Dessa forma, as mentirinhas muitas vezes consideradas bobas podem gerar possíveis prejuízos pessoais e corporativos. Por exemplo: algum candidato mentiroso pode sair na frente em uma seleção e, não só atrapalhar a entrada de alguém mais qualificado na empresa, como, no futuro, passar por uma situação constrangedora porque afirmou ter uma capacitação que não existia.
Carmen Cavalcanti, diretora da Rhaiz Soluções em Recursos Humanos, lembra que em certa seleção precisou de um profissional com carteira de motorista, e, durante as entrevistas e pedido de documentos, vários candidatos não tinham CNH, ao contrário do que constava em seus currículos. “É uma situação chata para a pessoa e para o recrutador, que precisa dizer que constatou a mentira”, analisa.
Ciente dos possíveis currículos fraudulentos, a maioria das empresas já faz a checagem prévia das referências dadas e durante a entrevista com o candidato as informações são confrontadas com o próprio para autenticar a veracidade.

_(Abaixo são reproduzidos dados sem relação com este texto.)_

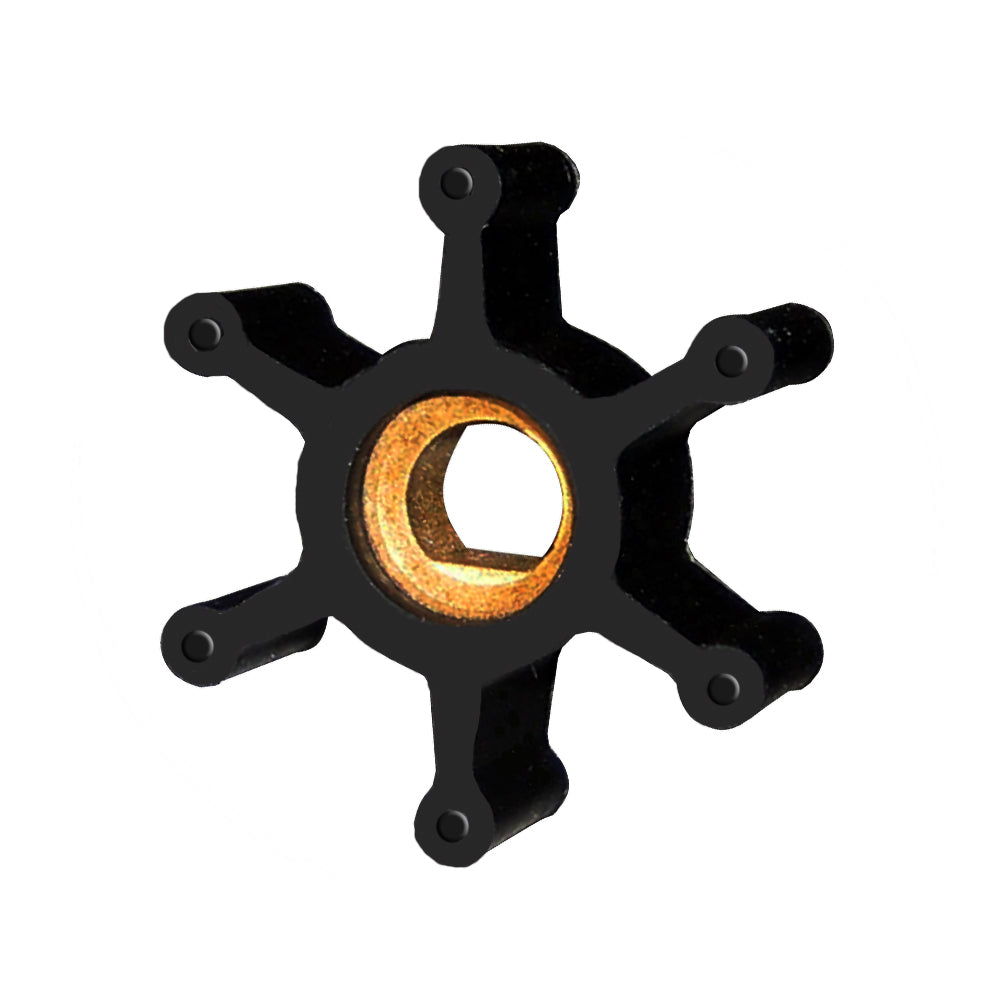 Johnson Pump 09-1077B-9 F2 Impeller (Nitrile) — marine impellers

Por isso, os especialistas em recrutamento são unânimes em afirmar que o projeto de lei é drástico demais e não é necessário. “Uma medida como essa vai congestionar ainda mais o nosso Judiciário”, acredita Márcia Garcia, diretora do Grupo Labor.
Para o gerente da Robert Half Recrutamento, Fábio Saad, o próprio mercado exclui os currículos mentirosos, sendo desnecessária qualquer lei a respeito. “Se detectamos a mentira, esse profissional é automaticamente excluído dos nossos bancos de seleção”, conta.
Autocrítica De acordo com as recrutadoras consultadas, que possuem em seus bancos de dados de 15 mil a 70 mil cadastros, a média de currículos com alguma informação mentirosa é de 5 a 10%. E muitas
vezes, o erro advém da falta de autocrítica do candidato sobre suas capacitações. Assim, como o projeto só prevê a detenção e não cita quais seriam os critérios para a medição do tempo de reclusão do profissional que falsifique seu currículo, essa seria uma situação passível de injustiças. O idioma, por exemplo, é o campeão de confusões. “O nível de idioma é bem flexível, tem aquele sujeito que acha que é fluente em inglês, mas é intermediário e vice-versa”, explica Fábio Saad, gerente da Robert Half.
Além disso, como a maioria das pessoas manda o currículo via internet em documento aberto, isto é, que pode ser modificado – como em formato Word – o candidato pode ser vítima de alguma alteração sem que nem tenha conhecimento dela. Por isso, o recomendável é mandar o currículo fechado – em pdf, por exemplo – e procurar ajuda especializada. No caso de alguma informação que o candidato ache que possa prejudicá-lo, o melhor é omiti-la. “A idade, por exemplo, pode ser utilizada de maneira
discriminatória, por isso, se o profissional achar que pode prejudicá-lo, é melhor não colocá-la”, indica Fábio Saad.
Nenhuma recrutadora contrata antes de averiguar a autenticidade das informações dadas, dessa maneira, o melhor é não mentir, principalmente em quesitos relacionados à educação e a projetos realizados em outras empresas, que são de consulta fácil. “É muito melhor a verdade, ela pode abrir portas, já a mentira pode gerar uma situação de estresse, uma cilada para você mesmo”, recomenda a diretora Carmen Cavalcanti. 1 -
Andamento O projeto de lei de número 6561/2009 pretende incluir no Código Penal a punição para quem mentir no currículo. O documento já foi enviado à Comissão de Constituição e Justiça e de Cidadania da
Câmara dos Deputados e aguarda a designação do relator.